Aussies could benefit from brushing up on oral hygiene practices to keep our teeth and mouth healthy, starting with brushing twice a day.
Recently released statistics for the Oral Health Tracker, a national report card on preventable oral diseases and their risk factors, found one-fifth of Australians do not brush at least twice a day.
This leads to preventable diseases, which are becoming increasingly common. Almost a third of adults have untreated tooth decay, and this number is growing.
One in ten of us have severe tooth loss with less than 21 teeth, the basic number needed for the mouth to function properly.
When it comes to our diet, Australians are not doing much better. Almost half of adults consume too much added sugar, and over 70 per cent of children aged between nine and 18 have too much of the sweet stuff - and many of us are not seeing the dentist the recommended number of times a year.

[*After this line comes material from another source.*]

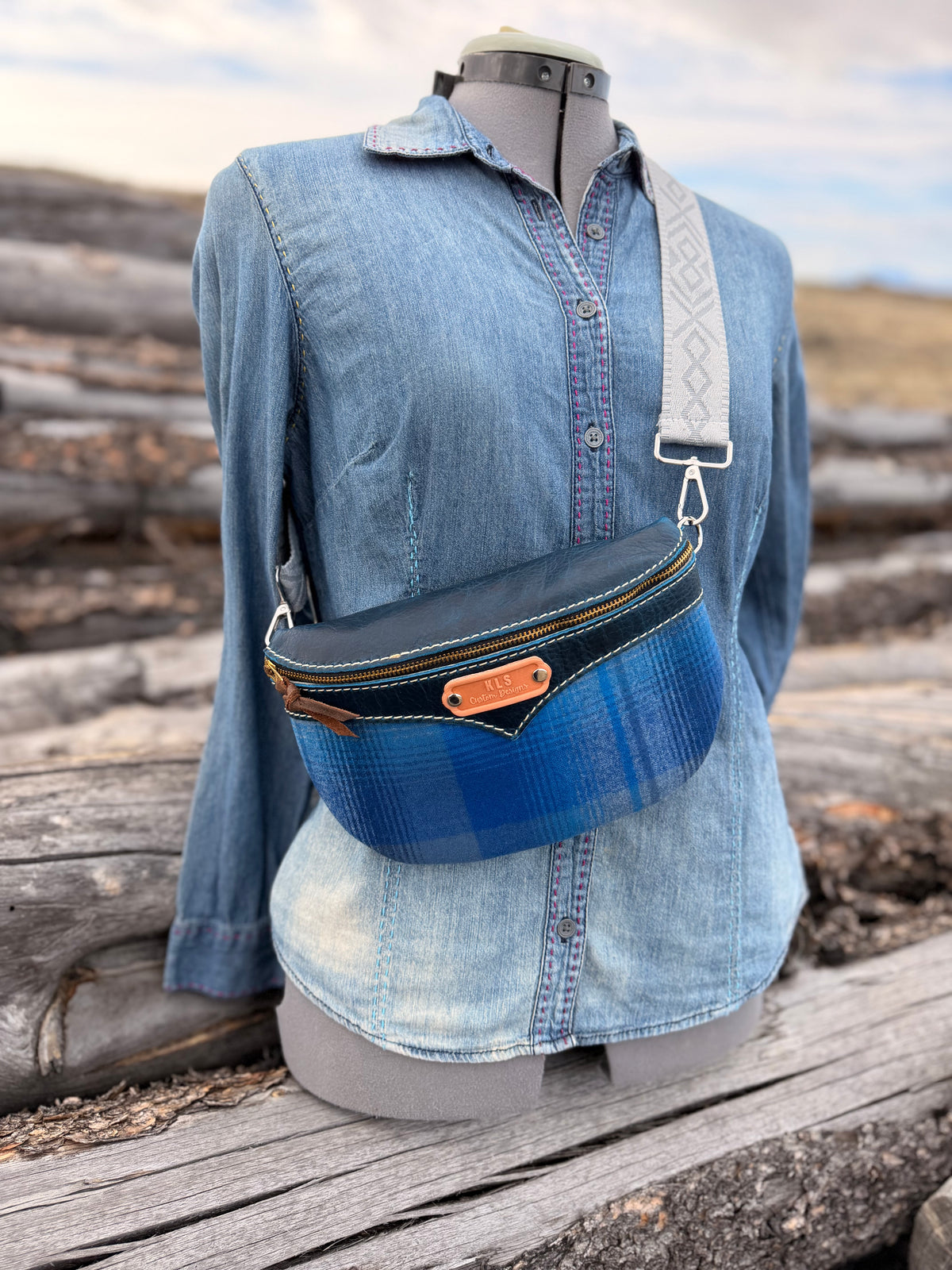 Sling Bag - *Special Edition* Pendleton Plaid - Blue Bison Leather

In 2018 figures, only 56 per cent of adults had been to the dentist in the past 12 months and this figure dropped to 49 per cent in the 2020 results, suggesting we are regressing in this respect.
For children, many had their first visit to a dentist put off until after their fifth birthday, despite the first dental visit recommended at age one or when teeth first appear.
"All these statistics are a shocking indictment of our oral health habits," Dr Mikaela Chinotti, the ADA's oral health promoter, said.
"They show that too few Australians brush twice a day and floss daily, have a diet low in sugars, or visit a dentist regularly for check-ups to spot emerging dental issues," she said.
Too few Australians brush twice a day and floss daily, have a diet low in sugars, or visit a dentist regularly for check-ups to spot emerging dental issues.Dr Mikaela Chinotti
"The ADA encourages Australians to build these four simple steps into their regular routines to ensure they set themselves on the path to keep their teeth for life - and food plays a significant part in this routine."
Lax oral health is then coming back to bite us.
Almost 10 in every 1000 children aged five to nine experienced a potentially preventable hospitalisation due to a dental condition, and 29 per cent of adults have periodontal pockets, a sign of periodontal disease which affects the structures that support the teeth.